Cats do have an instinct to avoid dogs and, depending on how strong that is in your cat, you may be setting yourself up for a situation where the cat decides his litter box is no longer safe.

Also...are you saying you're going to leave the dog free on a third floor balcony with an accessible fire escape? Even without the fire escape...I think Huskies are the climbing breed aren't they? This just seems like a really bad idea. It almost sounds like your intent is to have an indoor/outdoor dog the way you would a cat, which is in no way realistic. There are leash laws for dogs, you can't just open the door and let them run the town when they feel like it.


----------



## lovedwarrior (Oct 20, 2009)

No no I am not leaving her anywhere free outside. The balcony with the cat litter is a closed one. 

Yes I know the cat will have a fit lol. But I can get another litter. 

Hmm so the Huskys shouldn't be let without a leash anywhere you go? That's kind of bothersome to me. I am used to my dogs (long time ago) always sticking by me with no leash. I hardly ever leashed them. And if they wandered off a bit from me like say a few meters away they always came back as soon as I call them. The largest dog I had was a golden retriever and I used to even take him to parties with me and people would love him and pet him but when I called he always came and stuck near me immediately. 

So how long does it take for Husky to stick by you without a leash? Not years I hope.


----------



## Ayanla (Jun 11, 2009)

lovedwarrior said:


> No no I am not leaving her anywhere free outside. The balcony with the cat litter is a closed one.
> 
> Yes I know the cat will have a fit lol. But I can get another litter.
> 
> ...


Ah, well now I feel a little better 

I think the thing with Huskies is that they have a strong prey drive. Unfortunately the "other" breed your dog may be mixed with, the GSD, is also a high prey drive breed. Dogs with a strong prey drive tend to be very difficult if not impossible off leash because no amount of training is going to overcome their natural drive when a squirrel runs close, for instance. 

A golden does not have the same type of prey drive, so is easier to work with off-leash.


----------



## Elana55 (Jan 7, 2008)

lovedwarrior said:


> So how long does it take for Husky to stick by you without a leash? Not years I hope.


Ahh Grasshopper. Soon you will learn. 

Husky does not equal Golden Retriever (usually). 

Puppy does not equal adult dog.

Your discussion on the training thread indicates you may have a time of it as the dog gets older with the off leash thing. 

Suggest you read this book about dogs (easy read and well done)
"The Other end of the Leash" by Patricia McConnell. 

Also suggest you sign you and your puppy up for a Puppy class followed by a Basic Obedience class.


----------



## lovedwarrior (Oct 20, 2009)

yes my fear is also the new dog with my cat.
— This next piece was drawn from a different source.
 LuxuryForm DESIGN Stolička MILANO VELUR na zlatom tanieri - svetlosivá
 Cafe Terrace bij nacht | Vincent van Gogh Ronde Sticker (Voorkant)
But the rescue center says although the dog wants to be dominant, she will withdraw if the cat hisses and protects itself. I guess cause it is still a 4 month old puppy, she is just discovering things and sees that not everything is a toy or things to chew. 

I dont think I will be working or working as much for the first week when the dog comes in. I have to watch and learn her and help her adjust and also help the cat to adjust.
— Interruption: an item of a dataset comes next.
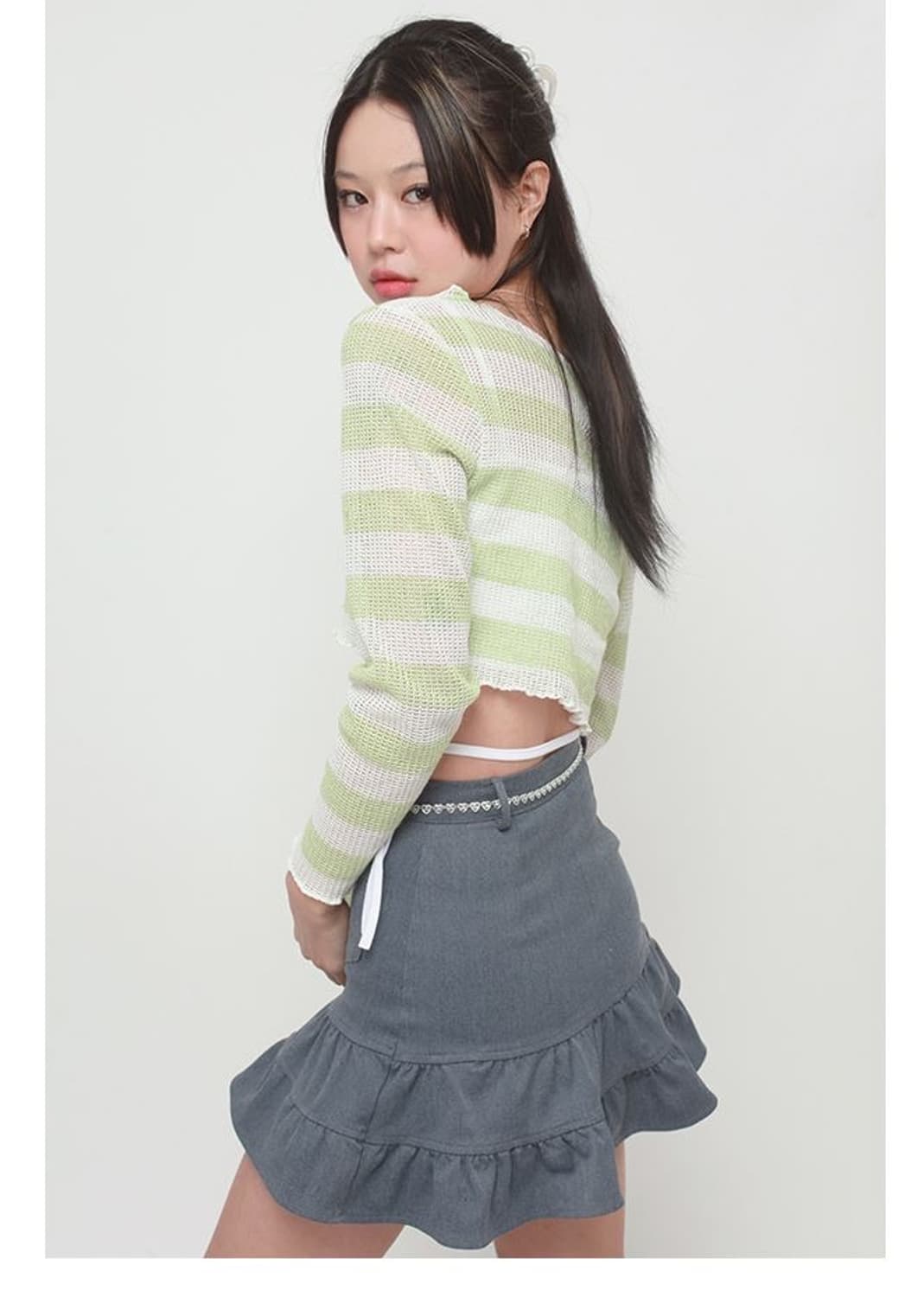 어글리쉐도우 레트로 스커트 그레이 (S) y2k 긱시크 갸루 빈티지 치마 상품이미지4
I dont know if this will help but both my cat and the puppy will be meeting right after they have their sterilization operation. I think they will both be a little tired, sleepy, confused and hopefully mellow.


----------



## Elana55 (Jan 7, 2008)

FWIW I have a GSD that is off leash most of the time but I have worked hard for that. I used to have a dog called Max who was a Siberian, GSD mix and he was also trained off leash.. but I did not live in a Big City.

My dogs always lived with cats and let the cats be or were buds with them.. but again, that is training... lots of it too.


----------



## nekomi (May 21, 2008)

I hate to break it to you, but most huskies are NEVER completely trustworthy off-leash. 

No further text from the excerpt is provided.